» WORK REQUEST: When you reach the line with "Squishmallows 10 Zoll" in the listing below, write out that line and every one after it exactly, and skip the pictures.

» DATA FOR THE TASK:
※ ※ ※

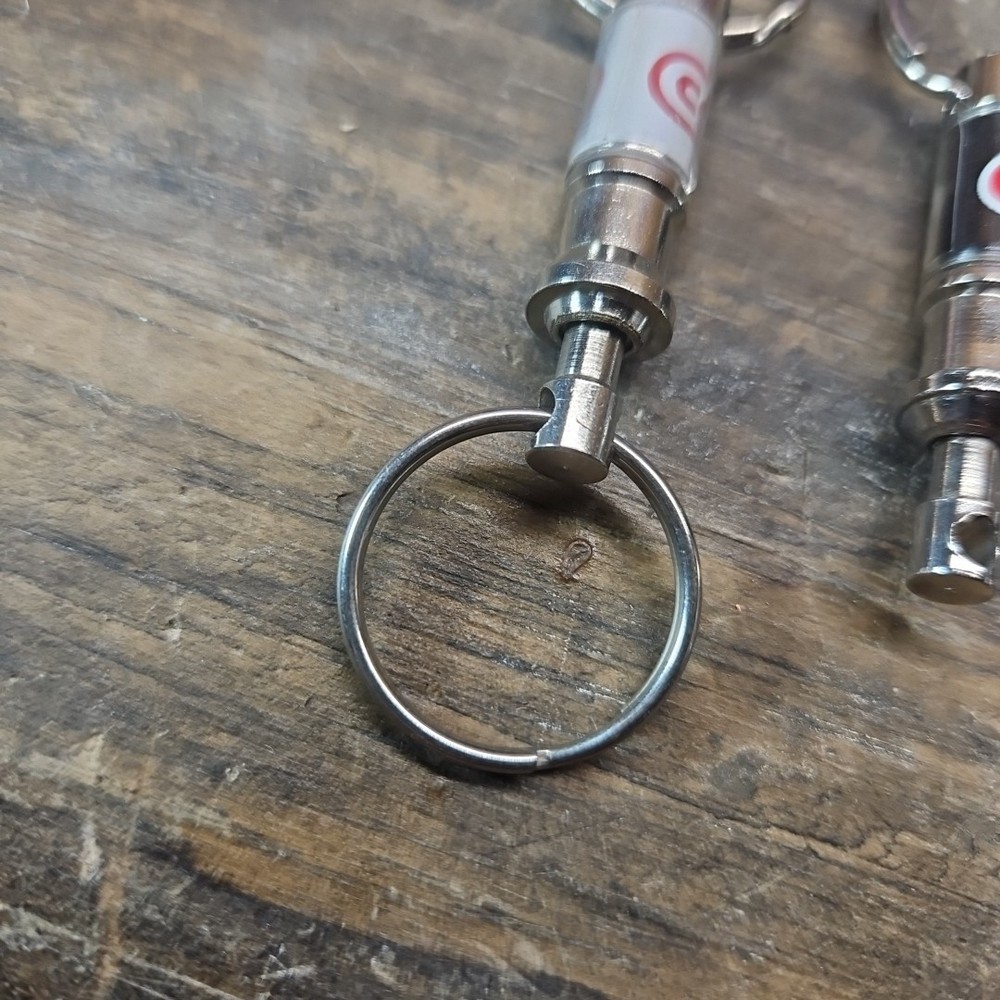 Three Vintage CONOCO Gas Oil Pull Apart Keychain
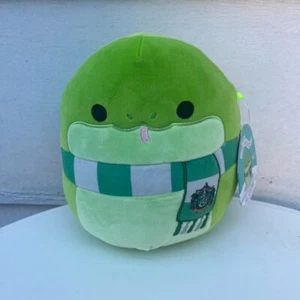 Squishmallows 10 Zoll Slytherin Schlange Harry Potter Zauberer Plüsch grüner Schal, NEU Neu mit Etikett - Bild 1 von 15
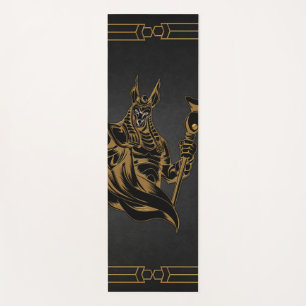 Anubis ancient of Egypt. Yoga Mat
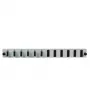 Patch-paneeli lisaseade EFB Elektronik SB-FP-6SC-D-V-OM3, 1U raamile paigaldatav, 432×13×43,5 mm, hall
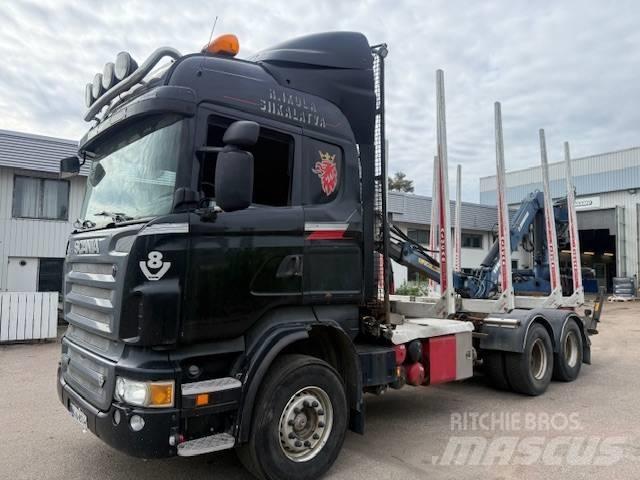 Scania R 560 Camiões de transporte de troncos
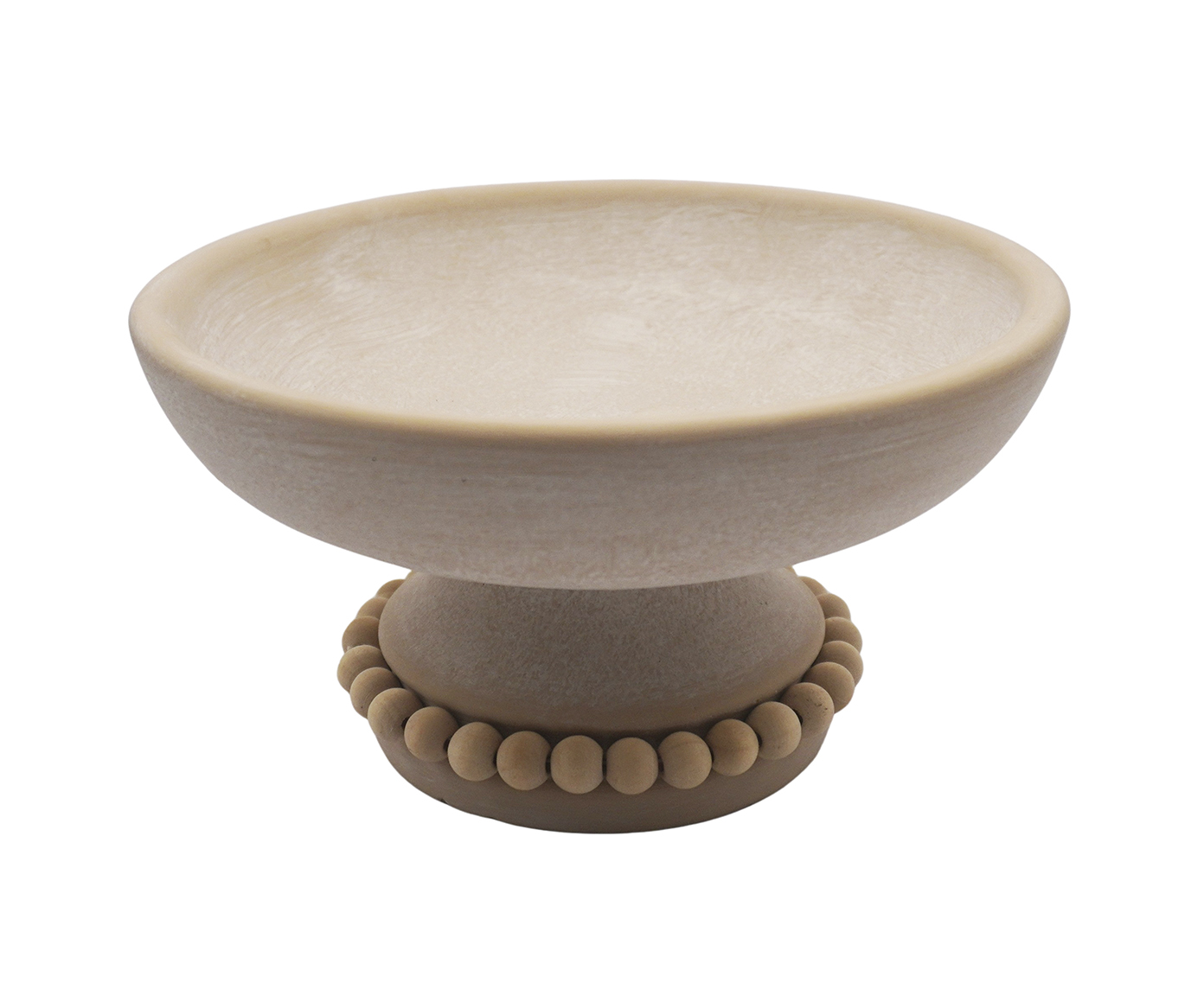 Centro de Mesa com Pe Sand Branco M&eacute;dio - image 0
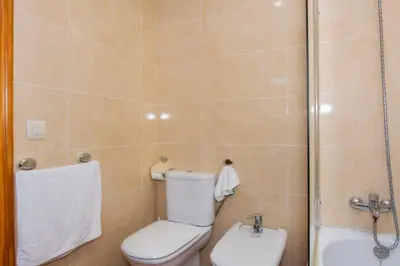 Un baño de Apartamentos Sol Andaluz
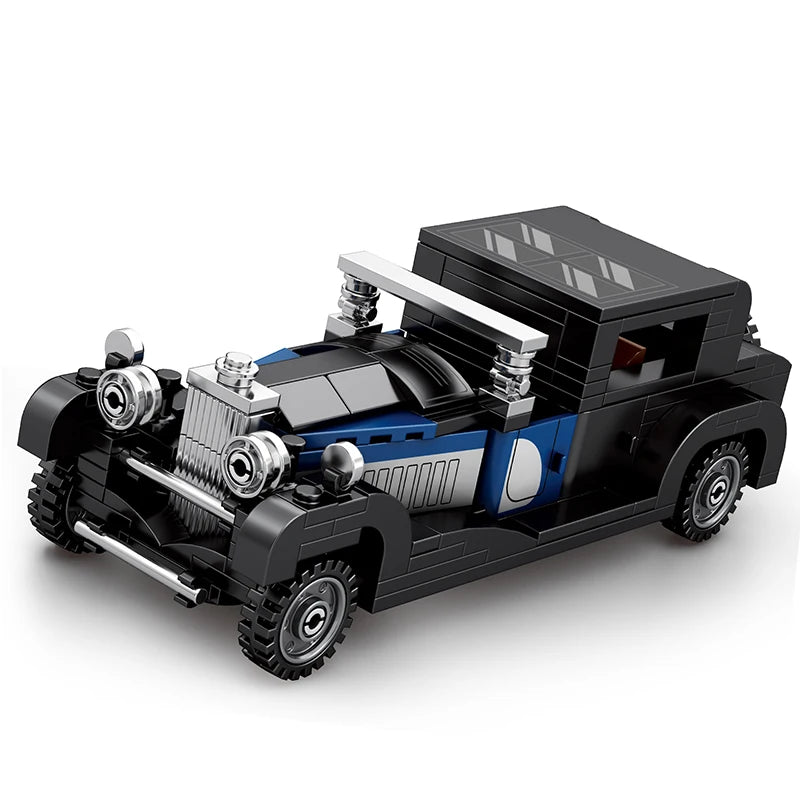 Voiture vintage en briques de construction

※ ※ ※

» TASK SOLUTION:
 Squishmallows 10 Zoll Slytherin Schlange Harry Potter Zauberer Plüsch grüner Schal, NEU Neu mit Etikett - Bild 1 von 15
 Anubis ancient of Egypt. Yoga Mat
 Patch-paneeli lisaseade EFB Elektronik SB-FP-6SC-D-V-OM3, 1U raamile paigaldatav, 432×13×43,5 mm, hall
 Scania R 560 Camiões de transporte de troncos
 Centro de Mesa com Pe Sand Branco M&eacute;dio - image 0
 Un baño de Apartamentos Sol Andaluz
 Voiture vintage en briques de construction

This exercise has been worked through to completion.